Technically, any of the architectures espoused by some of the commentators on this thread will work, and would at least be an order of magnitude better than what is available in the local loop today. One of the commentators, however, did underscore the biggest challenge by far to national broadband. (Even the watered down version consisting of a welter of autonomous municipal networks as is the subject of this thread). And that challenge is the stranglehold that incumbent telcos have on the local loop, and their caustic, anti-progress influence in City Halls, Sate Legislatures, and Washington DC. That is why the Australian NBN serves as a good example of how to wrest control of the local loop plant away from the telcos. In many areas of the US a parallel fiber network is already in place, built out by the Federal School Lunch e-rate program. Here, regrettably, the telcos have exerted their caustic influence by compelling legislators to allow only school and library traffic on the e-rate fiber. As far as a purely technical solution, in my own experience some years ago I worked in the entertainment business in the Burbank/Glendale, Ca. area. Both cites, led by the visionary Burbank Department of Water and Power, built out dark fiber networks. Of course, getting municipal fiber in Glendale required an intense struggle with the incumbent telco, which sent a representative to every city council meeting arguing that municipal fiber was bad for the city residents. David On Sat, Feb 2, 2013 at 6:35 PM, Leo Bicknell <bicknell@ufp.org> wrote:
In a message written on Sat, Feb 02, 2013 at 09:28:06PM -0500, Scott Helms wrote:
I'm not saying that you have to, but that's the most efficient and resilient (both of those are important right?) way of arranging the gear. The exact loop length from the shelves to the end users is up to you and in certain circumstances (generally really compact areas) you can simply home run everyone. Most muni networks don't look that way though because while town centers are generally compact where people (especially the better subdivisions) live is away from the center of town in the US. I can't give you a lot insight on your specific area since I don't know it, but those are the general rules.

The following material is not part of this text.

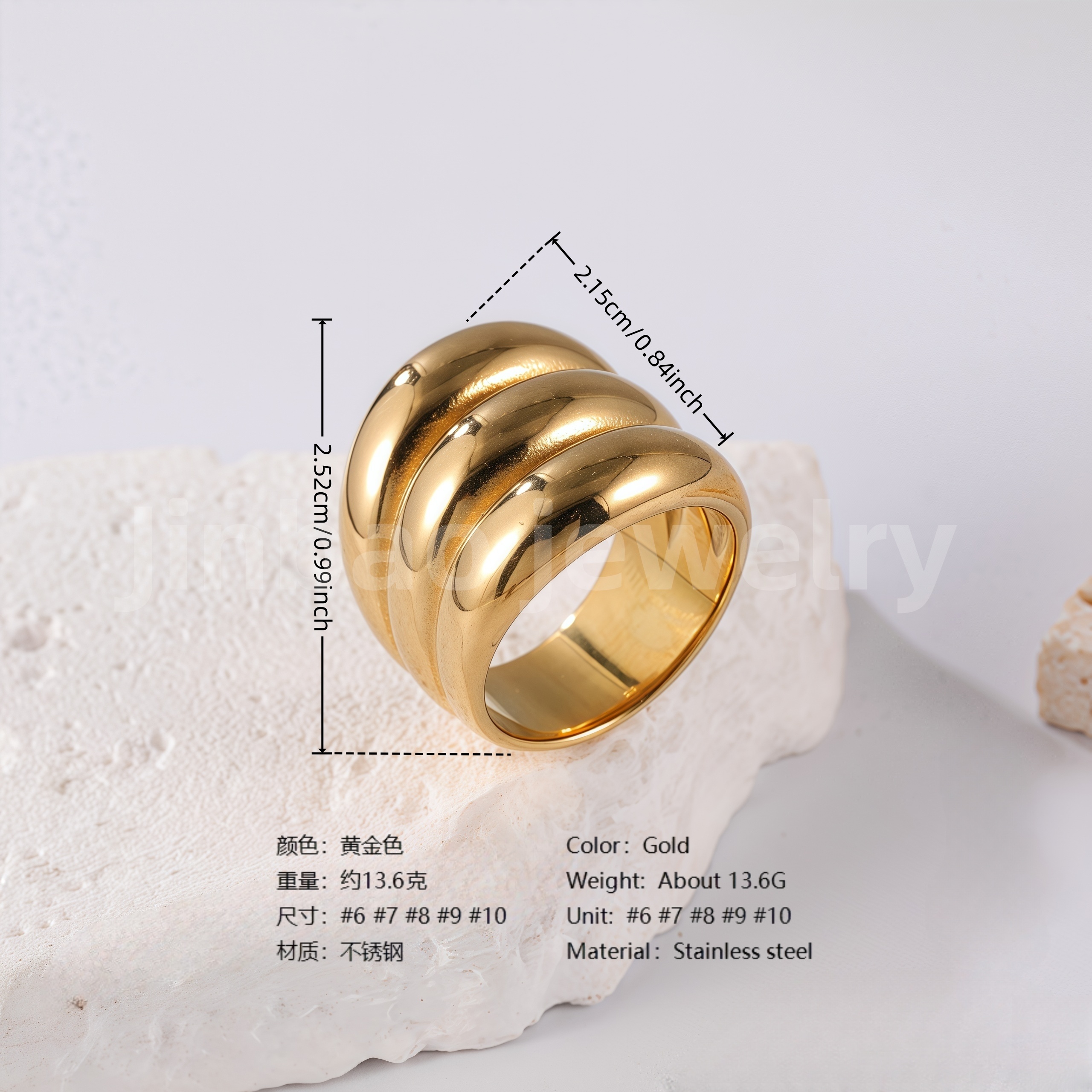 24K Gold PVD Stainless Steel Titanium Bold Contemporary Women's Ring-JinBaoJewerly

If the goal is the minimize the capital outlay of a greenfield build, your model can be more efficient, depending on the geography covered. Basically you're assuming that the active electronics to make a ring are cheaper than building high count fiber back to a central point. There are geographies where that is both true, and not true. I'll give you the benefit of the doubt that you're model is cheaper for a majority of builds.
On the other hand, I am not nearly as interested in minimizing the up front capital cost. It's an issue, sure, but I care much more about the total lifecycle cost. I'd rather spend 20% more up front to end up with 20-80% lower costs over 50 years. My argument is not that high count fiber back to a central location is cheaper in absolute, up front dollars, but that it's at worst a minimal amount more and will have neglegable additonal cost over a 40-80 year service life.
By contrast, the ring topology you suggest may be slightly less expensive up front, but will require the active parts that make up the ring to be swapped out every 7-20 years. I believe that will lead to greater lifecycle cost; and almost importantly impeed development of new services as the existing gear ends up incompatable with newer technologies.